First spin correlation measurement for a pair of relativistic massive fermions

Top view showing the left Mott polarimeter. The polarised electron beam enters from the right and scatters on the Be target in the Moller chamber (the quasi-triangular piece). Møller scattering occurs for less than 10-5 beam electrons. Most of the beam electrons continue down the beam pipe towards the beam dump where they are absorbed. The left Møller electrons of interest move in the direction towards the left lower corner of the photo. Their spin polarization is analysed through scattering off an Au target in the Mott polarimeter. The irregular hexagonal chamber of this polarimeter is seen just after the short connecting pipe. Most of the Moller electrons continue down the thick pipe and are absorbed in the Møller dump. The Au target is viewed by two (here: scintillation) counters based on photomultipliers) which detect the Moller electrons scattered to the left or to the right w.r.t. the incoming direction, at 120 degrees (i.e. backwards). Scattering of interest happens for a fraction again less than 10-5 of Møller electrons and occurs in a plane defined by theses two counters and the spin projection on the direction perpendicular to this plane can be measured from asymmetry of counts in these two counters. The two blocks with 4 screws sticking out are made of Pb and make the shielding of the scintillation counters.

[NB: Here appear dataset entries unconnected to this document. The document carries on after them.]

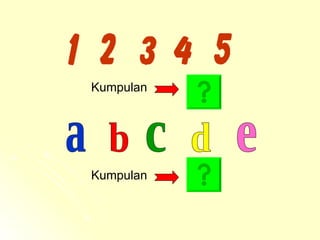 Kumpulan a b c d e Kumpulan angka Huruf  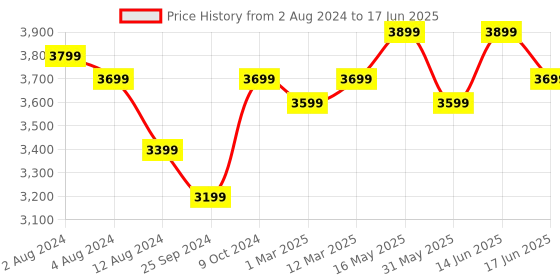 myntra.com FABPIXEL Embroidered Sequinned Semi-Stitched Lehenga & Unstitched Blouse With Dupatta fabpixel Price History Graph from 2 Aug 2024 to 17 Jun 2025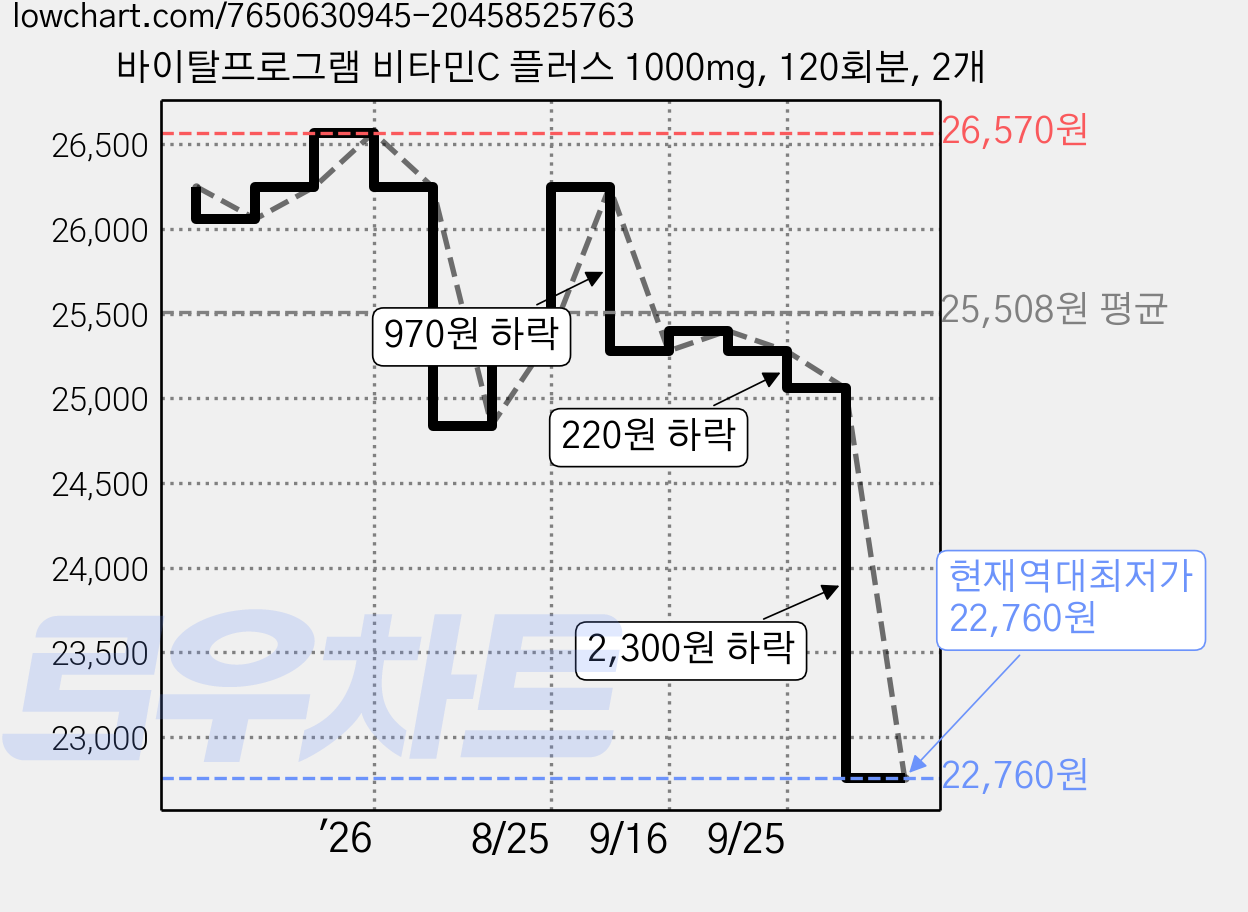 바이탈프로그램 비타민C 플러스 1000mg, 120회분, 2개 가격 변동 차트, 현재가 22,760원, 역대최저가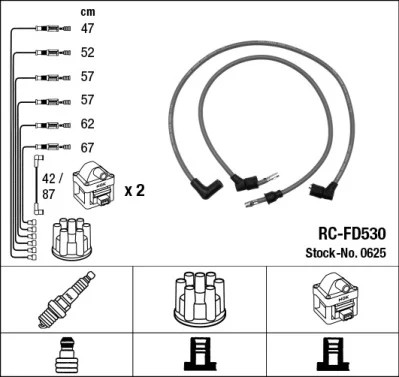 CABLES ZAP. 0625 NGK  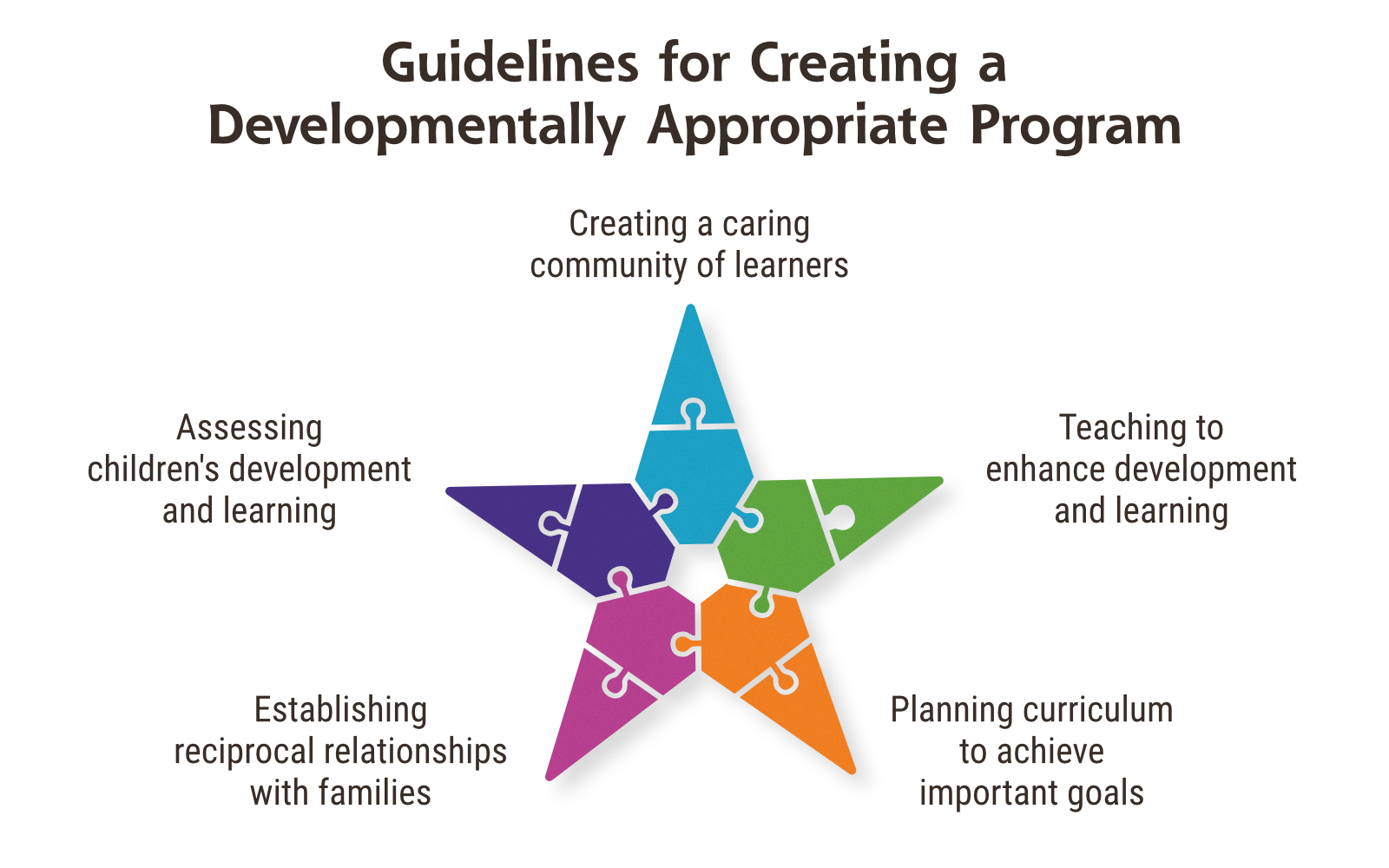 Guidelines for Creating a Developmentally Appropriate Program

The tower perpendicular to the Mott block is the Au target moving device to enable intertwining target – no target measurements. Such a procedure is necessary to enable extracting a rather small effect over a significant background.

In the Feb. 2020 data taking the photomultipilers were replaced by photodiodes, arranged in a 4×4 matrix, in optical contact with the scintillator, acting as a silicon photomultiplier for each of the 4 counters in the final configuration.